Hablo de esquizofrenia paranoide pues es un trastorno fundamental de la personalidad, una distorsión del pensamiento, alteración de la percepción, un autismo o aislamiento y un afecto anormal sin relación con la situación. Se caracteriza por sentimientos de persecución, delirio de grandeza y alucinaciones auditivas-  Estos son síntomas que podemos ver en las afirmaciones y enfoque de la nación (sin relación con la situación) propuestos por la actual Administración. Por otra parte es factible que nosotros —las movilizaciones de la sociedad civil por una paz con justicia— también acabemos por padecer un poco de esquizofrenia por el nivel de incertidumbre que genera el actual proceso de desmovilización. No es para menos, considerando la forma como se está modificando el marco jurídico y visión de la nación: impulsando el sapeo y unas relaciones sociales de desconfianza generalizada. Entre otras, se propone remplazar el control que antes ejercían fuerzas armadas irregulares por sectores privados armados e igualmente irregulares. 

 

LOS CULTIVADORES

 

Mientras se negocia con los paramilitares de las AUC el traspaso de armas a cambio de un mayor poder político y que sus propiedades habidas con el comercio de drogas no se vean afectadas, nos dicen que la coca es lo que financia la guerra; y que acabando con la coca van a acabar la guerra y que para ello lo único es fumigar, fumigar y fumigar. Si la dignidad y amor patrio no tienen cabida, la lógica tampoco. Después de 22 años de fumigaciones, de 51,904 hectáreas de coca estimadas en 1994, hoy se calcula que hay unas 140,000 has. Si bien el monocultivo de la coca no conviene al país, lo que está haciendo la Administración Uribe es cambiar un problema por otro. De tener amplias extensiones  de tierra cultivadas con coca, pasaremos a tener las mismas (y más) hectáreas de tierra, ahora quemadas e infértiles. El precio de este autismo o aislamiento frente a las necesidades del país es enorme. No se escucha lo que no confirma una visión única y se vive en país en el que no hay conflicto armado; en un país en el que a la pacificación y contrarreforma agraria se les llama “Seguridad Democrática”. Ni país real ni político, el “país expiatorio” posiblemente sea la razón por la que 600,000 campesinos (4% de los aproximadamente 15 millones de habitantes rurales) se vean avocados a subsistir con el monocultivo de turno: la coca.
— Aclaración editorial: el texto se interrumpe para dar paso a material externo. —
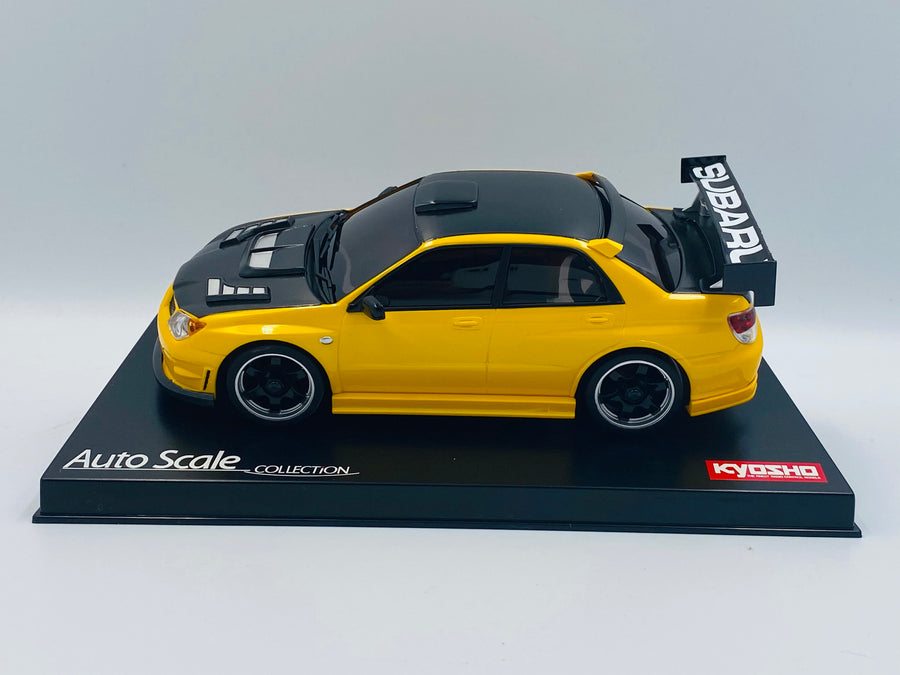 Kyosho Mini-z Body ASC SUBARU IMPREZA WRX MZP416MY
En lo que concierne al agro, la persecución del campesinado colombiano y de las comunidades fumigadas y desplazadas tiene amplias repercusiones para la legitimidad del Estado y la viabilidad de los movimientos sociales propuestos por los candidatos en turno para la toma formal de poder que se avecina. Habría que ver asimismo la legitimidad Esto, sin contar y los industriales y terratenientes que poco a poco van sopesando las repercusiones económicas de las fumigaciones y de las medidas de desarticulación social.

 

En el proceso de construcción de las estadísticas de bajas y detenciones de narcoterroristas paras y guerrilleros que requiere Washington, caen miles de campesinos inocentes, desarmados, cocaleros y no cocaleros y otros cuyo único crimen fue estar vinculados, por lo general por fuerza mayor, a la economía del narcotráfico. Al campesino se le criminaliza, aplica guerra química y, en el mejor de los casos, su alternativa de empleo es entrar a formar parte del programas estatales de asistencia a corto plazo, de las filas del ejército privado que esta armando Uribe o de la Red de Informantes. O integrando el Programa de Familias Guardabosques para conseguir los fondos para volver a sembrar lo único que medio les permite sobrevivir, la coca. Ciertamente, algunos de los programas de inversión social productiva del Gobierno nacen de iniciativas sociales bien intencionadas y podrían ser promisorios. Sin embargo, mientras no haya una reforma agraria y los fondos sólo alcancen para desarmar a los unos y armar a los otros, es ilusorio pretender acabar (por simple decreto presidencial) con el descontento social y la degradación de una guerra civil en delincuencia común; menos en un país cada vez más armado y con altísimos índices de desempleo en una economía en un 58% informal.  

 

A esto se suma el hecho de que en Colombia se está aplicando impunemente una guerra química en contra del campesinado desde hace ya casi 30 años. Millones de litros de mezclas químicas bombardeadas desde el aire seguramente han minado severamente el capital humano, seguridad alimentaria y contribuido a convertir las ricas aguas y biodiversidad de la nación colombiana en otra leyenda del Dorado. Esta medida antinarcóticos que la actual administración reivindica como Política de Estado, es inmoral, irresponsable, ilegal e ilegítima. Los hechos —enfermedades y devastación en las zonas fumigadas, dineros desperdiciados en químicos a detrimento de inversión social— así lo demuestran y el discurso triunfalista y cifras que se cantan de hectáreas erradicadas en nada compensarán la pérdida del legado sanitario y ambiental de los colombianos. Nuestros gobernantes están destruyendo impunemente los recursos naturales de Colombia para las necesidades ambientales futuras de la Humanidad.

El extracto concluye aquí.